* [MATERIAL SUPPLIED]

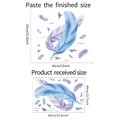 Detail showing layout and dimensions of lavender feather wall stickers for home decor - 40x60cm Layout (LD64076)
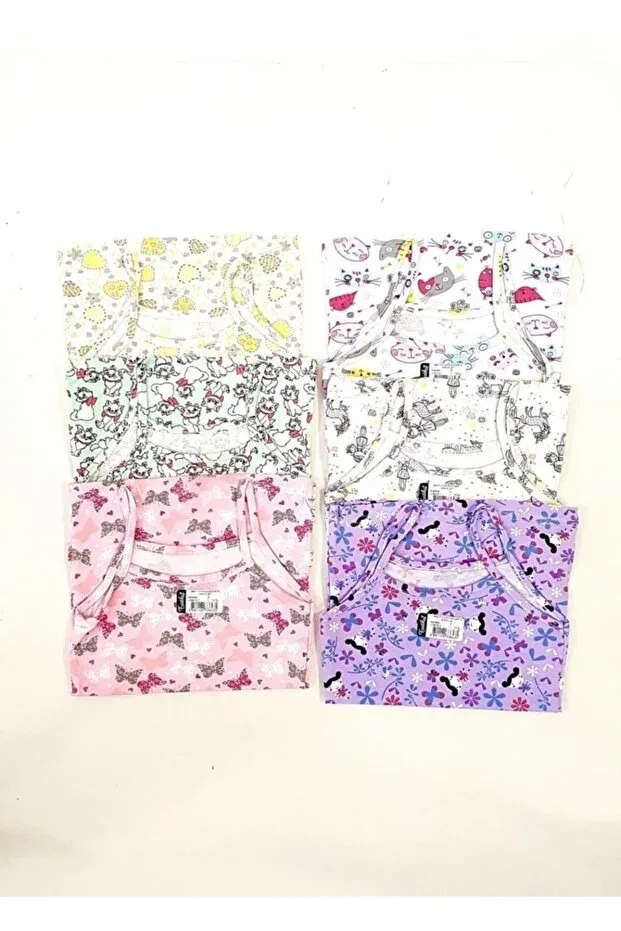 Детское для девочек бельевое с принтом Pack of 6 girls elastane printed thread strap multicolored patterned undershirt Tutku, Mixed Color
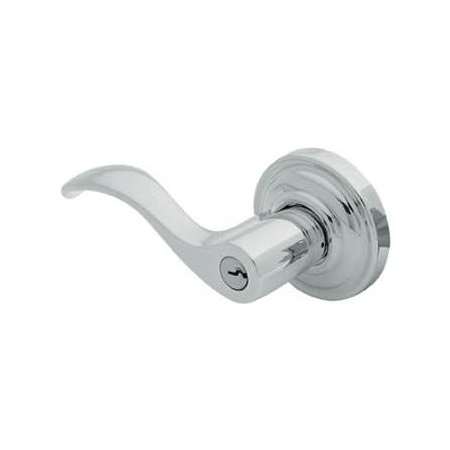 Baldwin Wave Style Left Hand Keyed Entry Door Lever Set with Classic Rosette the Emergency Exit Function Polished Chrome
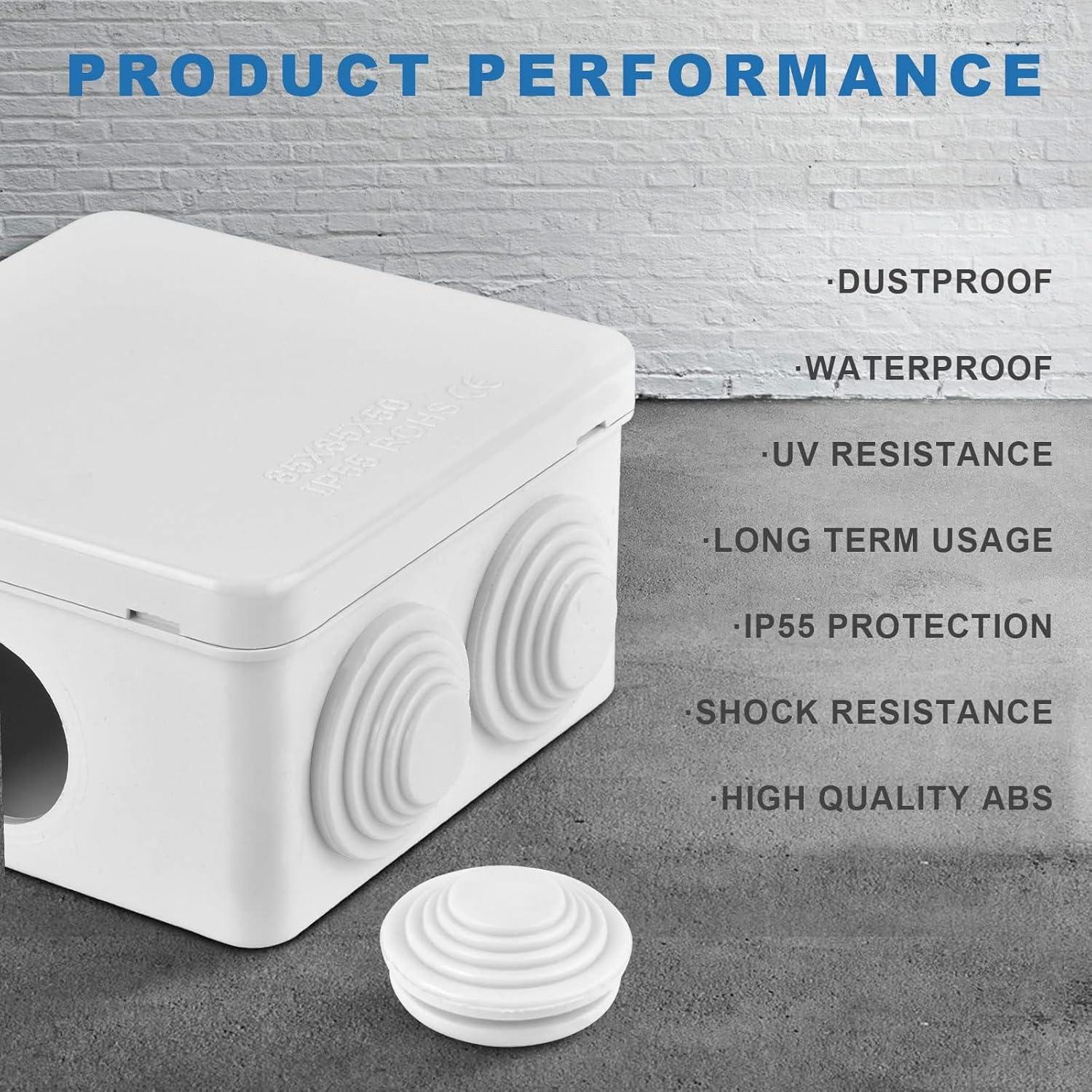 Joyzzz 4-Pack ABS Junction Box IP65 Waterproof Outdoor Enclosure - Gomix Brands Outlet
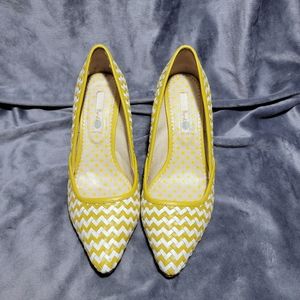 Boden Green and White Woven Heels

* [ASSIGNMENT] An exact copy of the lines from the line containing "Joyzzz 4-Pack ABS" through the final line of the listing, without pictures, is the expected result.

* [ANSWER TO THIS TASK]
 Joyzzz 4-Pack ABS Junction Box IP65 Waterproof Outdoor Enclosure - Gomix Brands Outlet
 Boden Green and White Woven Heels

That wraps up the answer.